» Exercise data:
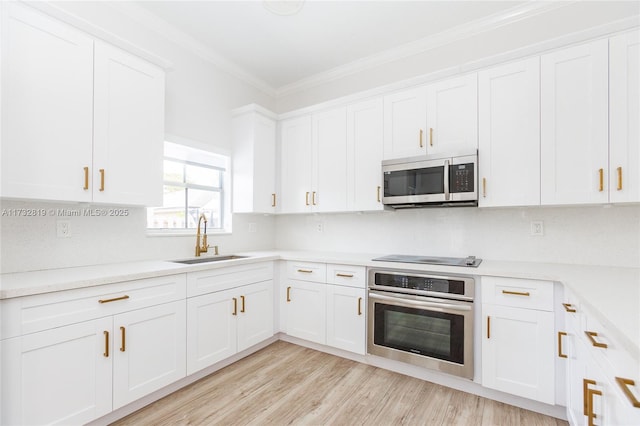 8196 SW 163rd Ct, Miami, FL 33193 - kitchen with appliances with stainless steel finishes, ornamental molding, white cabinetry, light countertops, and light wood finished floors
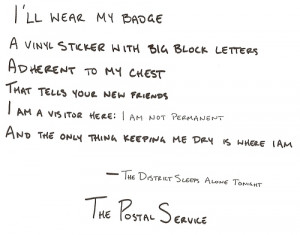 The District Sleeps Alone Tonight -The Postal Service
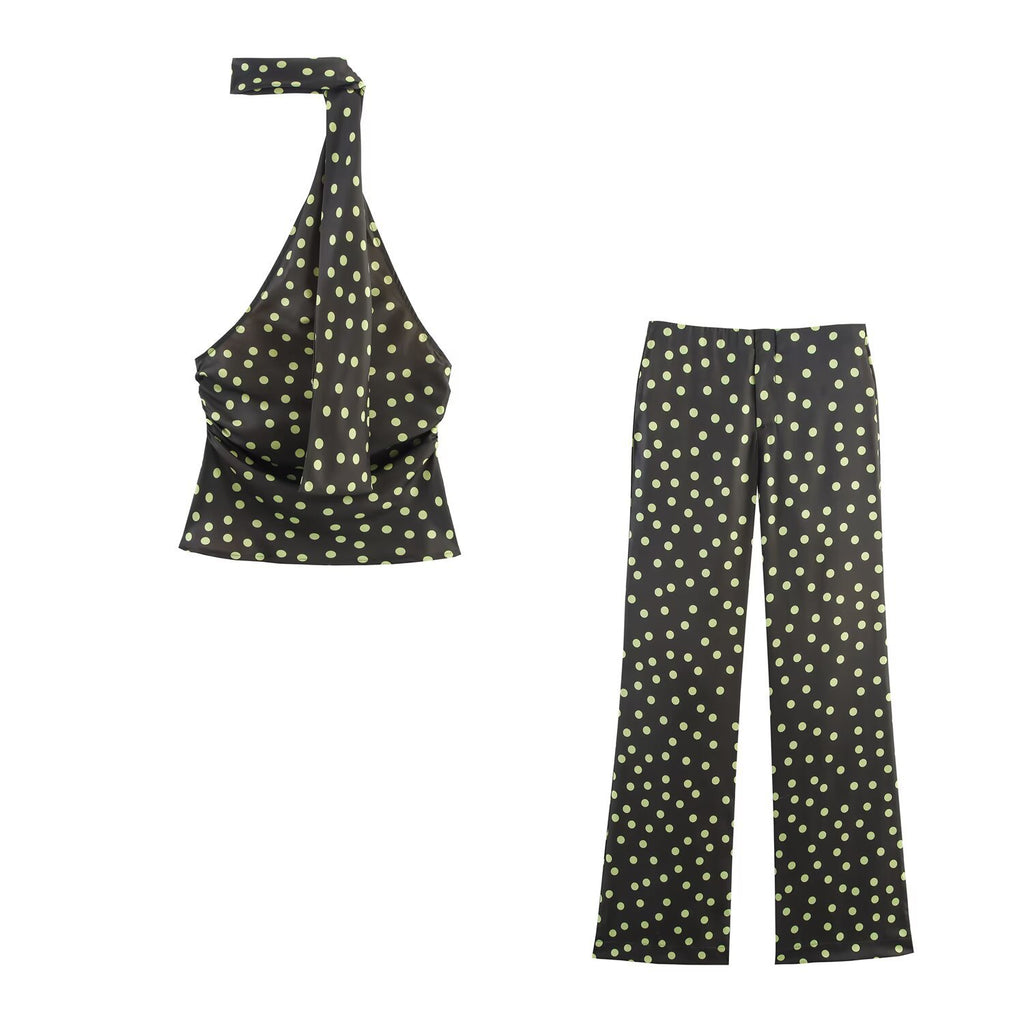 Neck collar top+flared pants set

» What to do:
Write out again every line above exactly as given; the pictures do not belong in the copy.

» Answer to this task:
 8196 SW 163rd Ct, Miami, FL 33193 - kitchen with appliances with stainless steel finishes, ornamental molding, white cabinetry, light countertops, and light wood finished floors
 The District Sleeps Alone Tonight -The Postal Service
 Neck collar top+flared pants set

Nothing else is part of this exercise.